Three members of the Labrador Land Protectors who were jailed last summer have been barred from the House of Commons for 90 days. Jim Learning, Eldred Davis and Marjorie Flowers drove to Ottawa from Happy Valley-Goose Bay to take part in a rally that was being held May 7 by opponents of the Muskrat Falls project. The trio, along with a group of about 12 others, attempted to enter the House to place photos on desks of the Members of Parliament featuring “the pictures and words of those most at risk from the lethal effects of the Muskrat Falls megadam.”
Early reports suggested the group had been arrested but, in fact, they were banned from entering the House and would face charges if they attempted to re-enter within the 90 days.
“In principle that sucks,” Learning said to a crowd assembled on the Hill. “We’re a free society.

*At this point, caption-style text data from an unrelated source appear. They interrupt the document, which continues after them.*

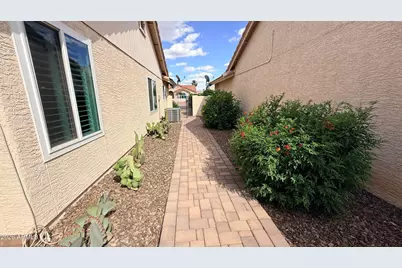 26226 S Flame Tree Drive, Sun Lakes, AZ 85248 - Photo 24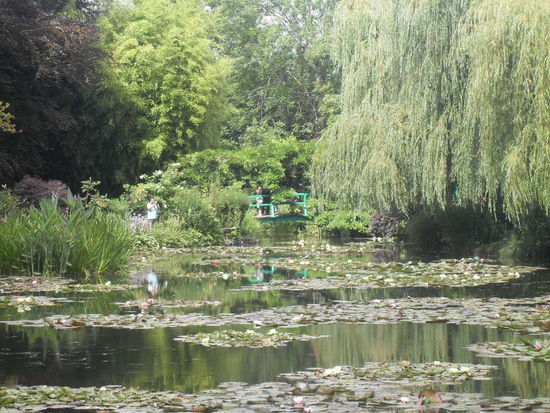 Nochmal der Teich und dahinten ist sie: Na, welcher Kulturbanause kennt dieses Motiv nicht ?! Wir fanden es so schön, dass wir uns gleich ein Porträt davon gekauft haben 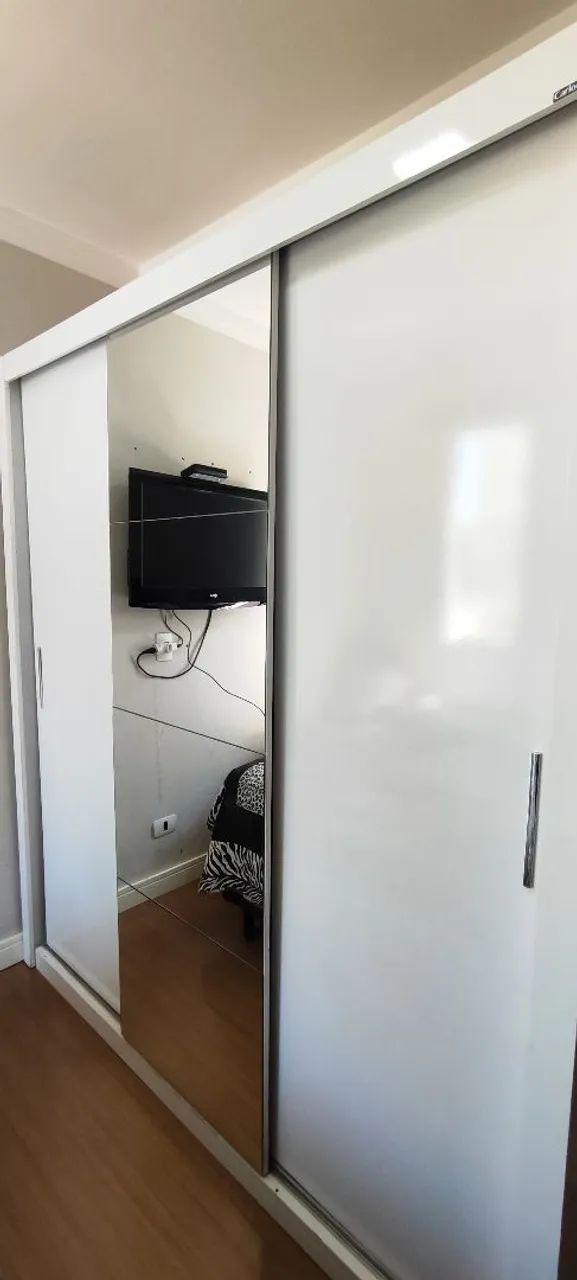 Guarda roupa 3 portas correr com espelho usado 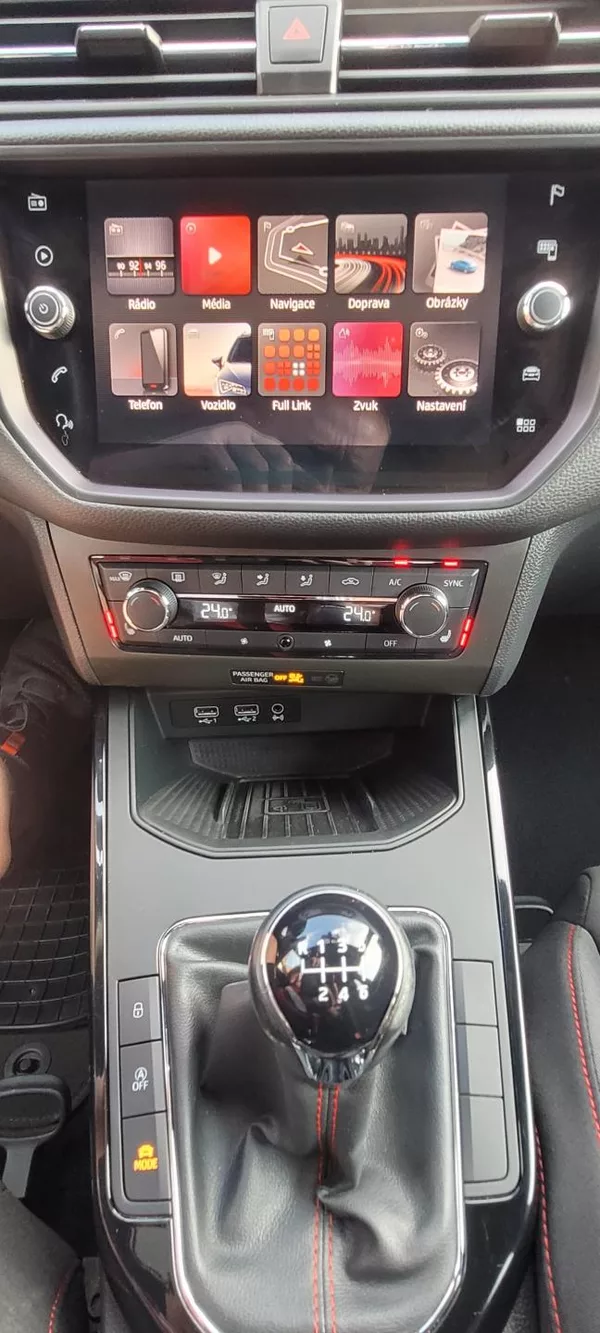 Seat Arona FR 1,5TSi 110kW benzín - foto 29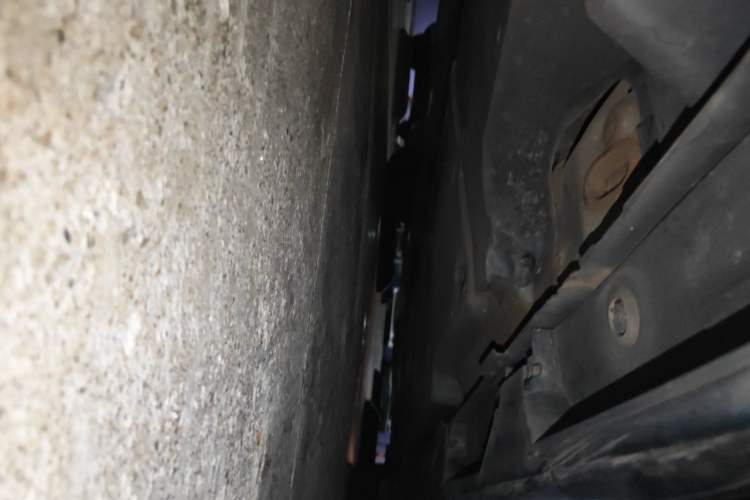 Used Toyota Avalon 2019 Dual-Engine 2.5L XLE Prestige Version China VI Standard Chassis Rear Right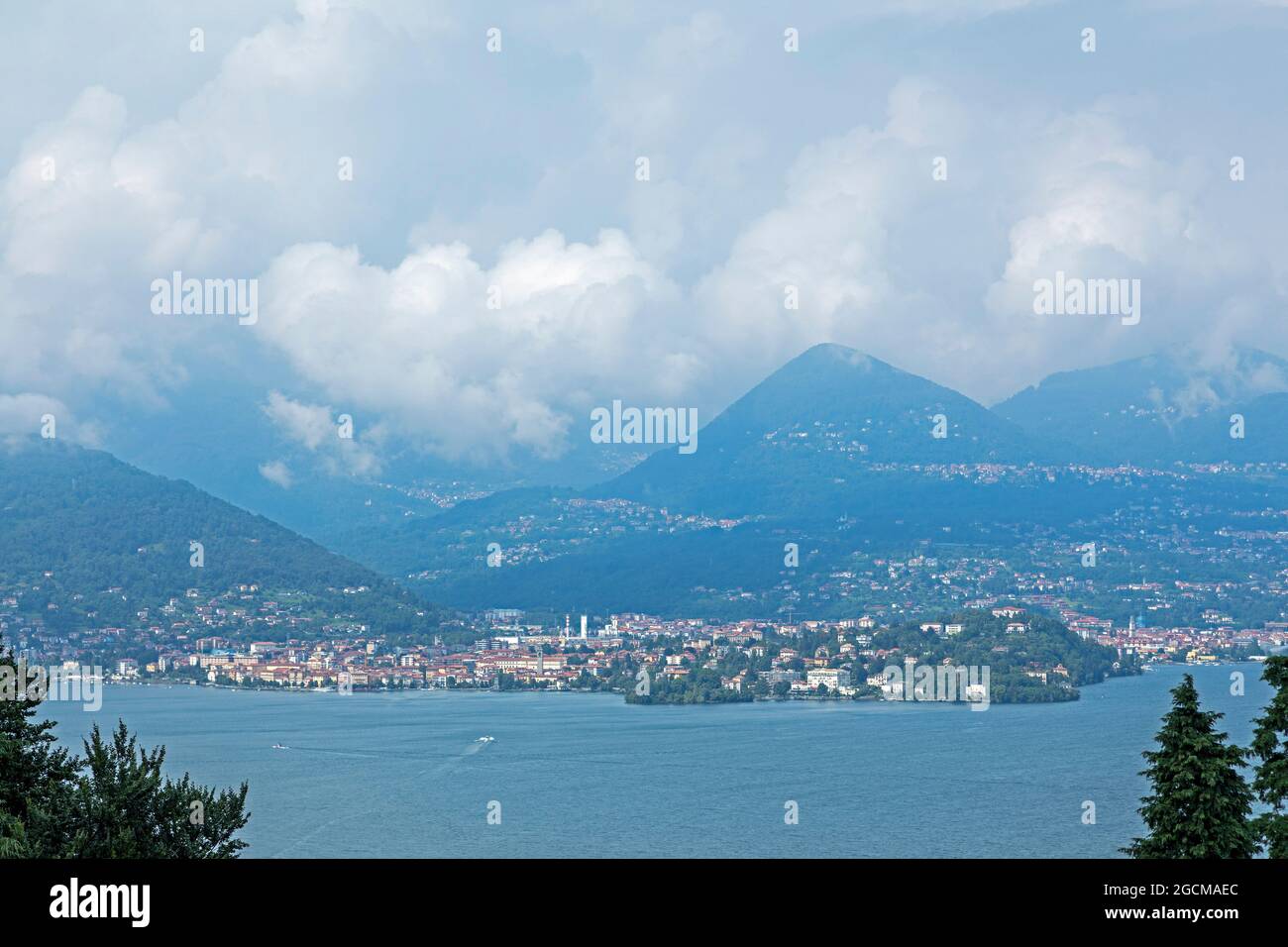 Vista de Verbania desde Stresa, Lago Maggiore, Piamonte, Italia Foto de stock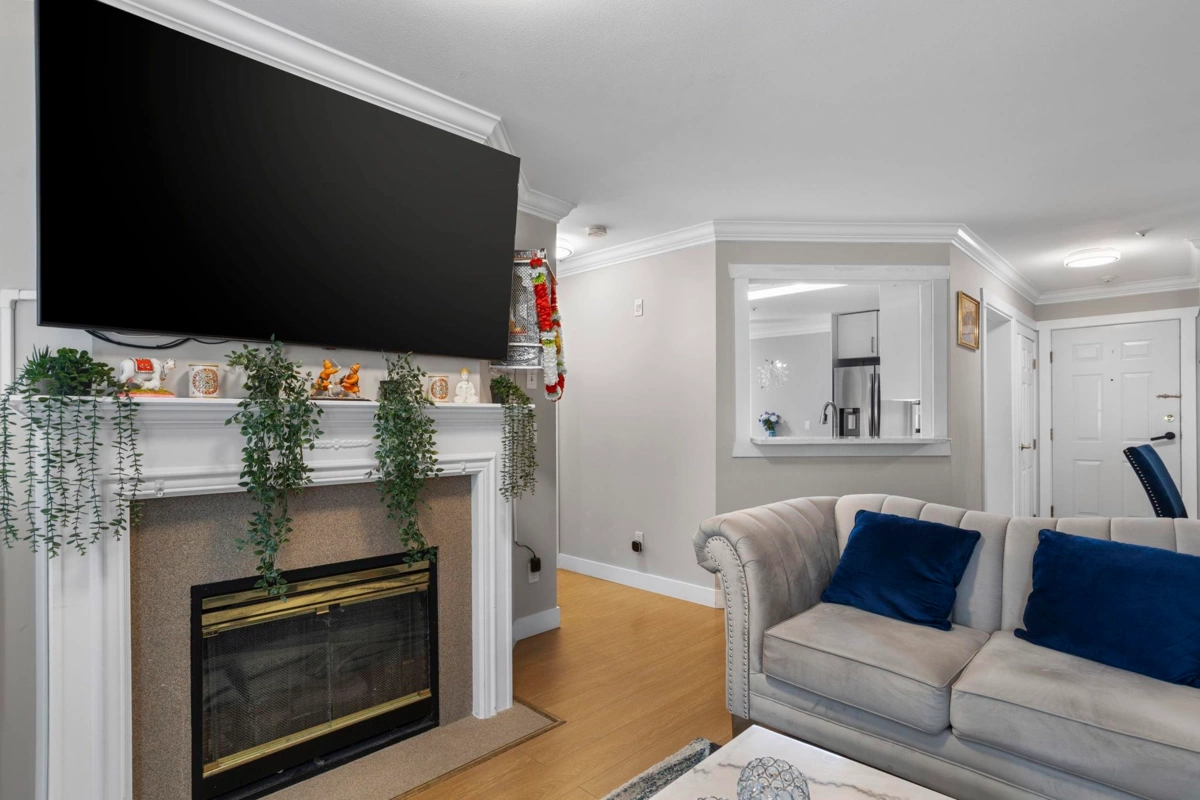 Breakfast Nook Photo of 310 7435 121a Street, Surrey, BC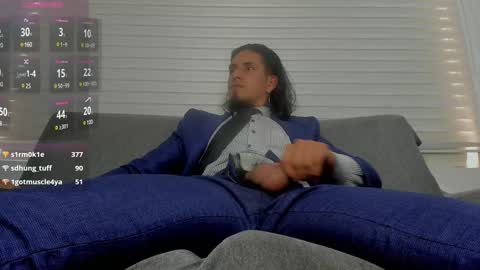 Snapshot of tom_blunt96 chatting on 12-24-24, 09:00 TOM online show from 12-24-24, 09:00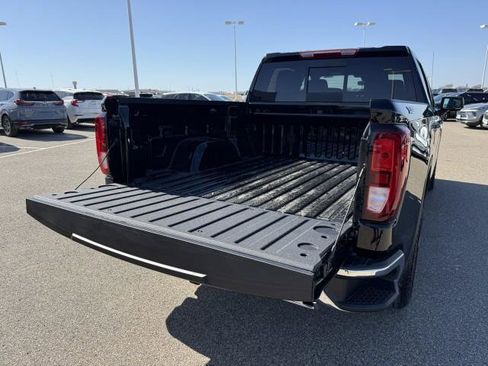 New 2026 GMC Sierra 1500 SLE w/ X31 Off-Road Package image 9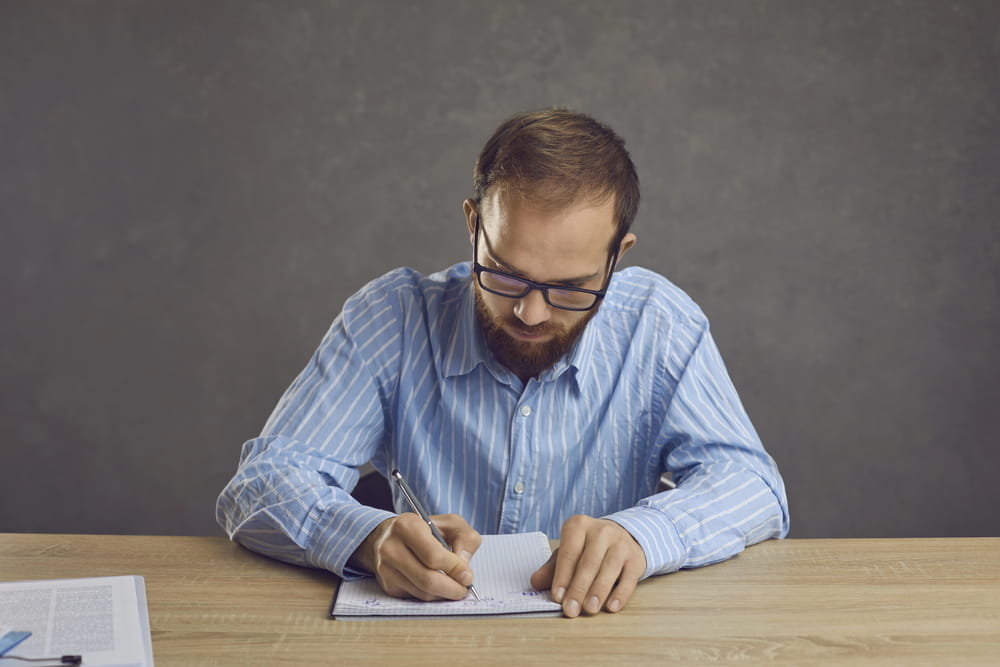 como-escribir-un-resumen-profesional-que-llame-la-atencion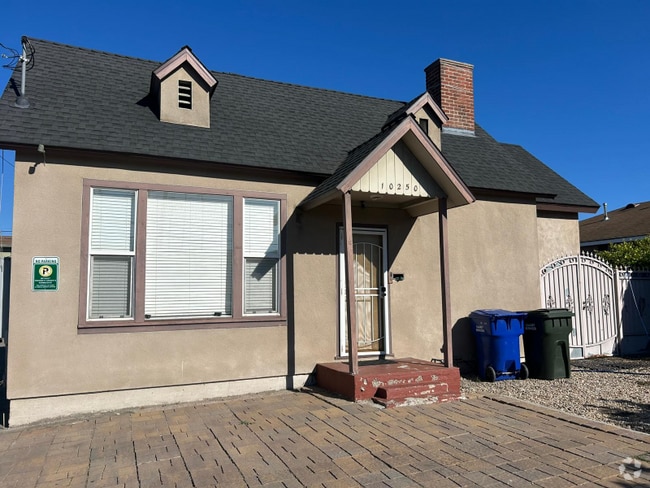 Building Photo - 10250 Western Ave Rental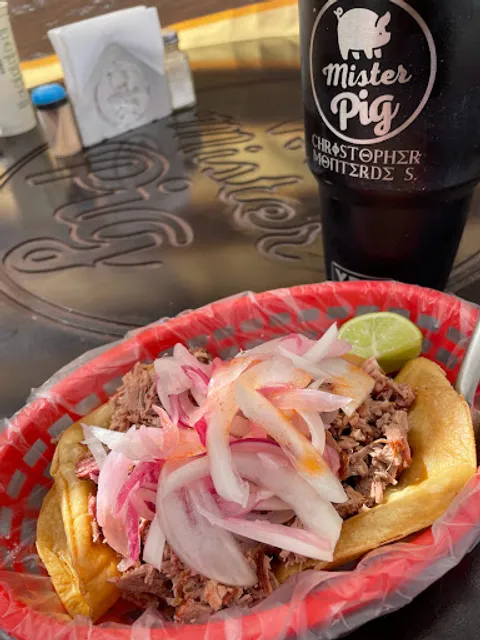 Carnitas Mister Pig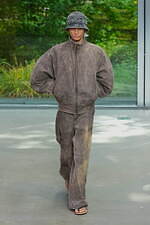 アイム メン 2026年春夏コレクション、加守田章二の陶芸に息づくエネルギーを投影｜写真35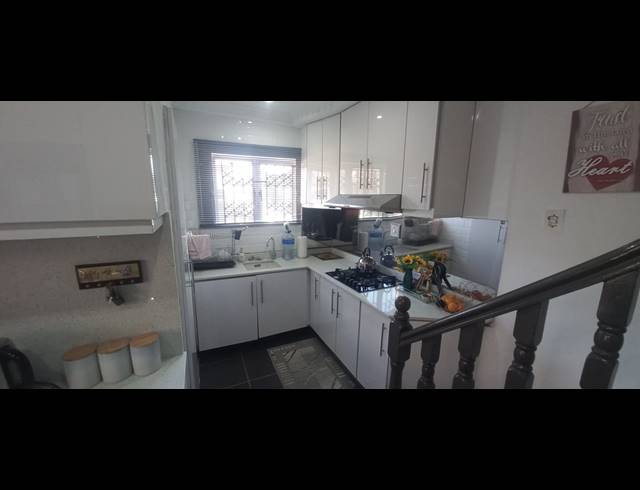 3 BEDROOM FREEHOLD FOR SALE IN MONTFORD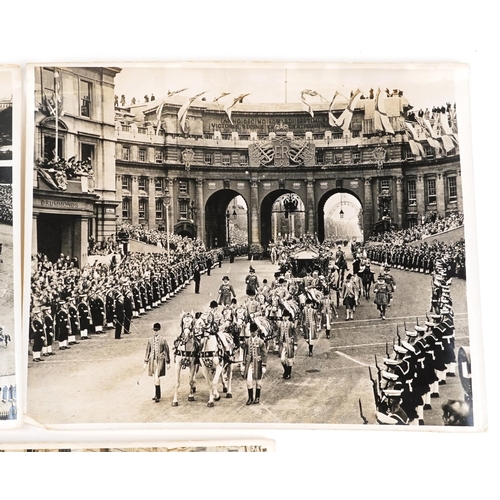 1326 - Black and white photographs of the coronation of Queen Elizabeth II, each 30cm x 26cm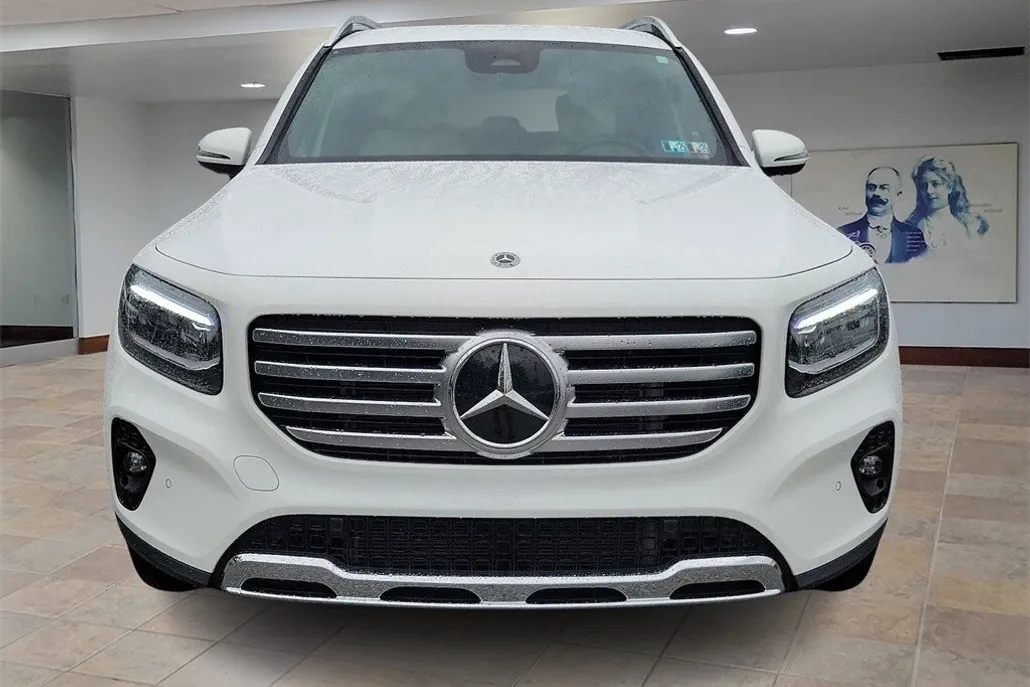 2024 Mercedes Benz GLB 250 photo 1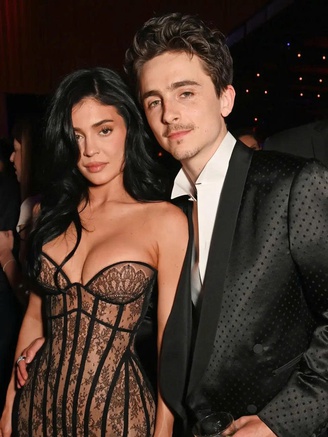 Timothée Chalamet và Kylie Jenner đã dọn về sống chung với nhau?
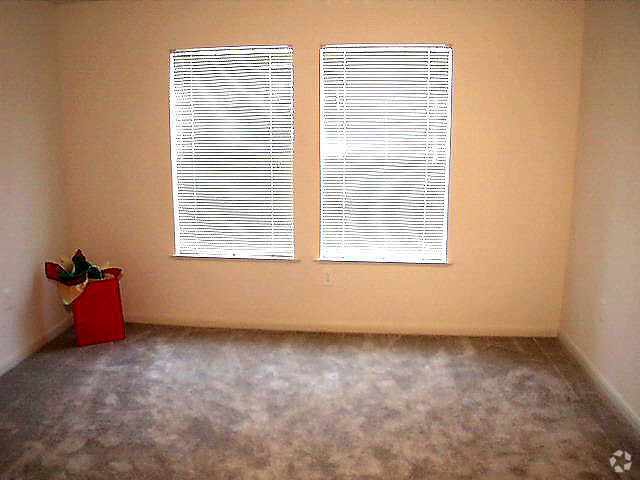 Bedroom - Legends at Virginia Center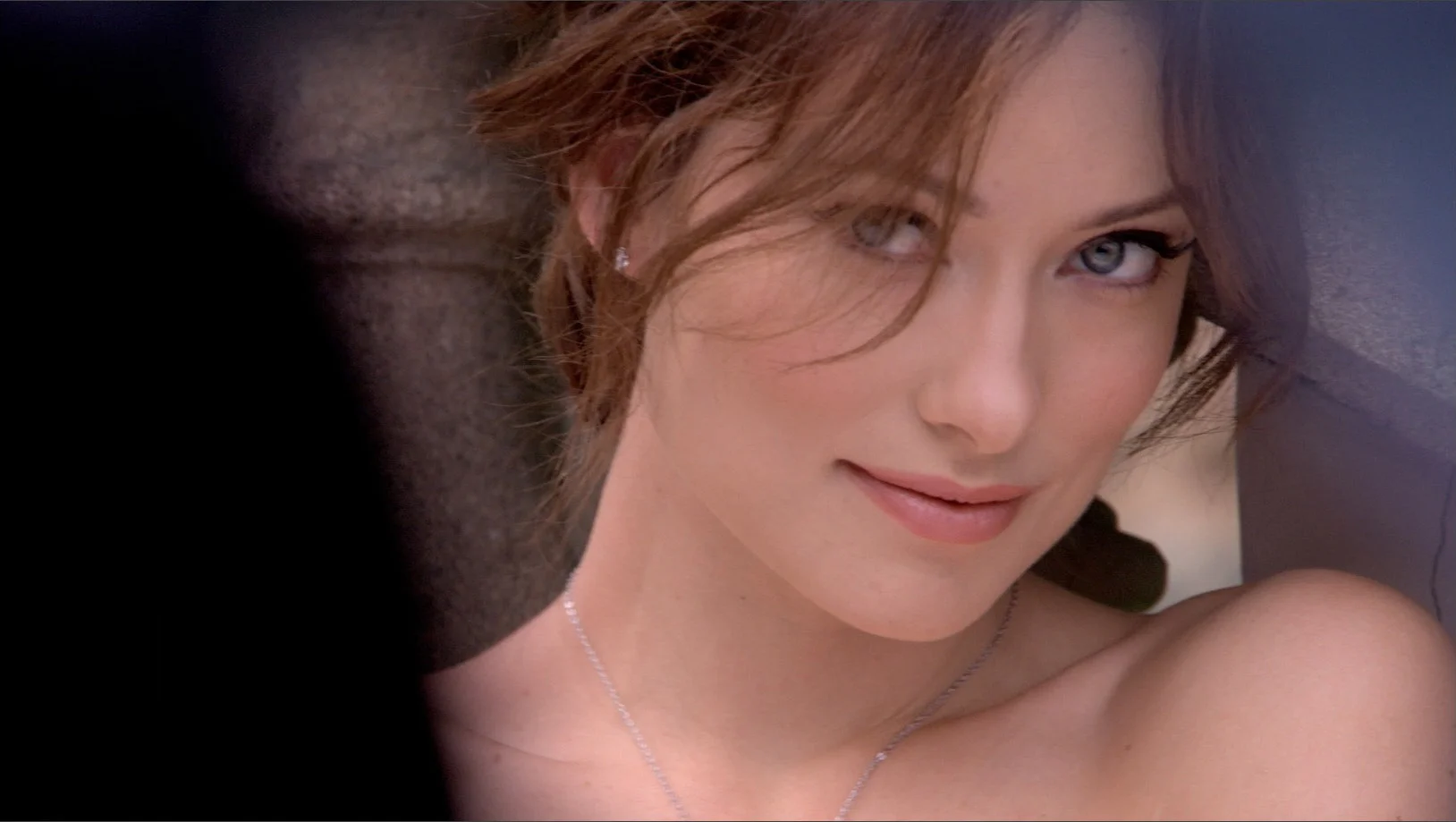 Avon-Olivia-3-flipdhoriz.jpg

But I guess they have a job to do and if I was a criminal I would expect something like that but as a law-abiding citizen I expect nothing like that. It’s lip service to what these bureaucrats want. It’s not standing on the principle of democracy, which we do.”
Rallies against the controversial project were held in Ottawa, St. John’s, Halifax, Happy Valley-Goose Bay and Winnipeg. Approximately 10 people showed up at the rally in Happy Valley-Goose Bay, only a short drive from the project.
Each of the 15 who attempted to enter the House carried a photo of a person from Labrador who would be affected by the project. Supporters in Happy Valley-Goose Bay had photos of those in Ottawa who were attempting the act of civil disobedience to show solidarity.
“It’s really about adding our support and solidarity to the actions happening in Ottawa and other parts of Canada as part of the national day of action today (May 7) around asking the federal government to stop investing in cultural genocide here in Labrador by way of the Lower Churchill project,” said Denise Cole, a member of the Labrador Land Protectors in Happy Valley-Goose Bay.
She said they hoped to lend their support to those in Ottawa who were facing arrest to bring their message to Parliament. She said they wanted to let those in Ottawa know their voices are heard.
Part of the focus of the actions were to ask the federal government to stop investing in the project. So far, the feds have given over $9 billion in loan guarantees to the Muskrat Falls project.
“They’re the single biggest investor in the project,” she said. “The damage that Muskrat Falls is already doing and to think they would even look at Gull Island, which we know is on their radar. The federal and provincial governments need to pay attention that you can’t continue to do things to people downstream, whether indigenous or not indigenous, to impact our way of life, threaten our food sources and threaten our safety.”